Pero, ¿qué ocurre cuando entramos en el plano personal y alguien nos dice: «te voy a contar algo, pero no se lo digas a nadie»? A mí en particular me saltan todas las alarmas. Entiendo que ese alguien me considera digno de su confianza y, al parecer, merecedor de conocer algo que nadie más sabe, pero ¿qué necesidad tengo de cargar con esa losa y sentirme partícipe de algo que no sé exactamente si quiero conocer?

Convertirse en guardián de secretos ajenos puede generar demasiada presión y responsabilidad, de hecho, distintos estudios sociológicos y psicológicos confirman que guardar secretos consume demasiada energía y, por tanto, resulta perjudicial para la salud. Es más, tarde o temprano, sufrirás la tentación de contarlo, de aligerar peso de tu mochila y entonces, ¿qué? ¿Traicionarás la confianza depositada en ti? Más presión. «Nadie guarda mejor un secreto que el que lo ignora» afirmaba el dramaturgo irlandés George Farquhar.

Añadamos también a este coctel de interrogantes, como si no tuviéramos ya bastante, nuestros secretos más profundos, más íntimos. Esos secretos inconfesables. Unos, porque nos hacen sentir culpables por distintas actuaciones de las que no nos sentimos especialmente orgullosos y otros, más de carácter mental, porque pueden llegar a hacernos sentir vergüenza de nosotros mismos. Secretos imposibles de compartir y de los que, a buen seguro, el que más o el que menos, algunos tendrán guardados en el cofre del misterio.

Es indiscutible que la función de un secreto es evitar que otras personas conozcan información que no queremos compartir, y para preservarla, nada más sencillo que, simplemente, no hablar, por más que nos cueste.

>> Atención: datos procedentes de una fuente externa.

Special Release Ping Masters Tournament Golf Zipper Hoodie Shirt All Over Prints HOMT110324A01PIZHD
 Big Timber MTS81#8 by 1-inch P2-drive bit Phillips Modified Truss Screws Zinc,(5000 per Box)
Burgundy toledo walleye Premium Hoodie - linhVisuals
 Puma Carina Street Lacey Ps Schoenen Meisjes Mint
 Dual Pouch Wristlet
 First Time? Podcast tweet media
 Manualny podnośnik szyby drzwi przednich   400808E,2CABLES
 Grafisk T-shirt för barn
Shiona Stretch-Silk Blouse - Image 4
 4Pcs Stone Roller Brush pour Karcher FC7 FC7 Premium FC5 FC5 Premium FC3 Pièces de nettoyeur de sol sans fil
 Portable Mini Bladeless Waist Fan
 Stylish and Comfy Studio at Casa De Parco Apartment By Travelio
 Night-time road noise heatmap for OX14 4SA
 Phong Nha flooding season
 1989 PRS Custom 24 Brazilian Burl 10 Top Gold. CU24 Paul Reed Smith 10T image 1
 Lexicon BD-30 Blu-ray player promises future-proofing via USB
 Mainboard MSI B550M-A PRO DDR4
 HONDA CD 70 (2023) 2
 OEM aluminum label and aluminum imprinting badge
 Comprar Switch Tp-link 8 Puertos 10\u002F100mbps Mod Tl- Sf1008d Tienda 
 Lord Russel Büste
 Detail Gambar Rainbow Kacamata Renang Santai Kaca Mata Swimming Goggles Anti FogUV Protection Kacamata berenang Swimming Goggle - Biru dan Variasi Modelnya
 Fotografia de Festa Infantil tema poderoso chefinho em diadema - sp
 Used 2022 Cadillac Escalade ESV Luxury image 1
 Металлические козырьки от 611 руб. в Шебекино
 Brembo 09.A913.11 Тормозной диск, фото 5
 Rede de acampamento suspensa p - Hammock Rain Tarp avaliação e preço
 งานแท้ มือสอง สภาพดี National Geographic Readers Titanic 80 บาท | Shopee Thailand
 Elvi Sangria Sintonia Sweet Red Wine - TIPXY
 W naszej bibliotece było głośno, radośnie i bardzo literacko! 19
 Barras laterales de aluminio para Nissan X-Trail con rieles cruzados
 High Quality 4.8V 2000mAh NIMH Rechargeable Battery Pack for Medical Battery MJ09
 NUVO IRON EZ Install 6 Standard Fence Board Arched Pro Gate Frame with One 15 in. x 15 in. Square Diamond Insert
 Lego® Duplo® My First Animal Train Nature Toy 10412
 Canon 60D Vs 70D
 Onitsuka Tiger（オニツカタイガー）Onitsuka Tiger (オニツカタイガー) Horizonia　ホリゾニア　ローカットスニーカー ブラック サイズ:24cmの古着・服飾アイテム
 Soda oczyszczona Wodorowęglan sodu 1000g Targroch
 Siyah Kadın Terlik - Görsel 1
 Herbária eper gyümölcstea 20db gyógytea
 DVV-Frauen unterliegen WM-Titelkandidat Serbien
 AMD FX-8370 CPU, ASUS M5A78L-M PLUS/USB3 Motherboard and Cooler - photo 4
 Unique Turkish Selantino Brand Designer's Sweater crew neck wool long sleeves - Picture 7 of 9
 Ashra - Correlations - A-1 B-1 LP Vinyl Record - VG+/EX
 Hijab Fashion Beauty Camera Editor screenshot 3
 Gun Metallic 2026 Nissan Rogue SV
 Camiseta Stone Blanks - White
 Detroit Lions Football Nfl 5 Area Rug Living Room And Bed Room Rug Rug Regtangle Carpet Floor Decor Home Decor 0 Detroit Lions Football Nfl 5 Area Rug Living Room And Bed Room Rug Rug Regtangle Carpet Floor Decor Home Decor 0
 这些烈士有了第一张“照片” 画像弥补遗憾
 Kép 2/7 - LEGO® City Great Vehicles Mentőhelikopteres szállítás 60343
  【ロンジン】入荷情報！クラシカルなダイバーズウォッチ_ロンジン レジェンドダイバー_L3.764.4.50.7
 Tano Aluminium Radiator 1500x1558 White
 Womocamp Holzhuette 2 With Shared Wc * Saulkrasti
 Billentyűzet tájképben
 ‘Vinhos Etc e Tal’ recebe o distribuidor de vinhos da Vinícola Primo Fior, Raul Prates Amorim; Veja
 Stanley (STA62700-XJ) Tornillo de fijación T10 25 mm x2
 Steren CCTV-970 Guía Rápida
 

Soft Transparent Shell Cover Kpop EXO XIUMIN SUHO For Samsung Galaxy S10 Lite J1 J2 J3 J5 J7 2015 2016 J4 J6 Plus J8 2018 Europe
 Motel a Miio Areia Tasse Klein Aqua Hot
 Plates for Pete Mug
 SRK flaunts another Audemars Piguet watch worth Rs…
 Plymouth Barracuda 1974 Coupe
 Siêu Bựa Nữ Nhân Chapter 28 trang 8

Aun así, mención aparte merecen esos secretos a voces que nadie confirma, pero que todos conocen. Y por supuesto, esos divulgadores compulsivos, también llamados ‘bocachanclas’, a los que solo con insinuarles que algo es de carácter privado y no debe ser revelado, les falta tiempo, ante su incontinencia verbal, para que se produzca el efecto completamente contrario. Ya avisaba Beethoven cuando manifestaba que un secreto no podía confiarse ni al más íntimo de los amigos, porque no podrías pedirle discreción si tú mismo no la habías tenido.

A pesar de todo lo dicho, e inmersos en una sociedad donde el intercambio de información es continuo, aunque no todo sea evidente, ¿cómo nos sentiríamos si quedáramos completamente excluidos de esos círculos privados de familiares, amigos o pareja, y dejáramos de ser receptores de sus confidencias? Nuestro orgullo, inevitablemente, se resentiría. 

Puede que desconozca si un mundo sin secretos sería un mundo mejor, pero de lo que no tengo la menor duda, es que un secreto, guardado o desvelado, puede llegar a ser un arma muy peligrosa de doble filo.